They kinda do. Its pretty simple to add or remove a symbol actually.
But these simple operations have O(N) complexity because parts of
a table have to be moved.
And when we try to optimize it for speed, trees appear, and it becomes
hard to recognize any relation to BWT :)

> One is how to look up a string in the chunk that it is not a member of

I'd do BWT on adjacent pairs of chunks (overlapped),
then we'd automatically know where to look next.
But this requires 8N memory, and 8N structures like MMC suddendly
become more attractive.

Btw, there's also that - http://encode.ru/threads/1278-Nibble-MMC-matchfinder

September 27, 2011 at 4:53 AM

Blogger Shelwien said...

Ah, so to use suffix arrays for matchfinding, I'd just compute BWT
of overlapped 2*winsize blocks. It would take the same memory as
MMC or binary tree, but with up to 2x window size.

September 27, 2011 at 4:58 AM

Blogger cbloom said...

Yeah, so the problem with 2*winsize blocks is the second problem - you can have find lots of matches that are ahead of you instead of behind you.

September 27, 2011 at 9:50 AM

Blogger Shelwien said...

No, half of them would be certainly behind. Also the best match would be nearest in SA, so we can apply iteration limits like in hash chains to avoid O(N).

It might be also possible to add some links and skip the "future" pointers, but that would be again at least 8N which doesn't make sense.

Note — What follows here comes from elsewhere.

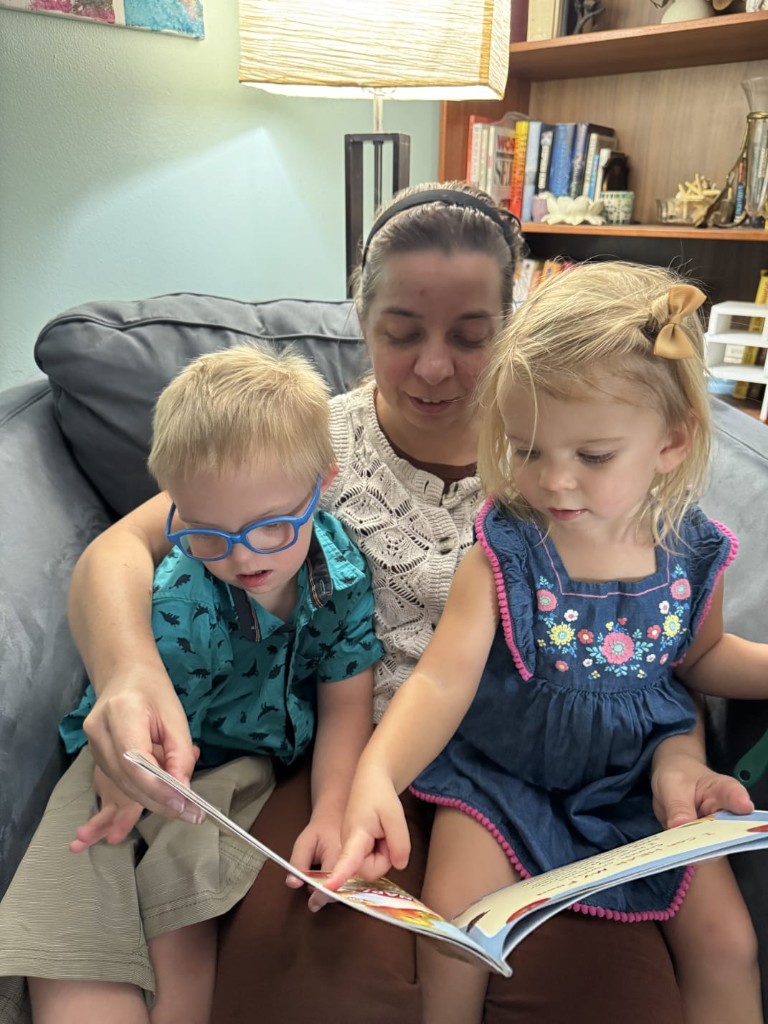 Suzanne reading with two children on the couch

September 27, 2011 at 10:32 AM

Blogger cbloom said...

No, read my post again.

September 27, 2011 at 10:47 AM

Blogger ryg said...

"No, half of them would be certainly behind."
Nope. Half of the *data* you want to compress is in the second half of the block, but it can contain way more than half of all potential matches.

Simple example: say your data consists of two blocks, each having winsize bytes. The first block consists of groups of 4 characters each - 50% of them are 4 random bytes, the other 50% are always "abab". The second block is just "ababababab"...

With high likelihood, almost all of your matches are going to be "abab", and most of the positions for "abab" in your suffix array are going to be in second block. (In the first block, there's going to be about winsize/8 locations for "abab"; in the second block, there's winsize/2-1 of them).

This may sound constructed, but you actually get patterns very much like that on highly repetitive structured data.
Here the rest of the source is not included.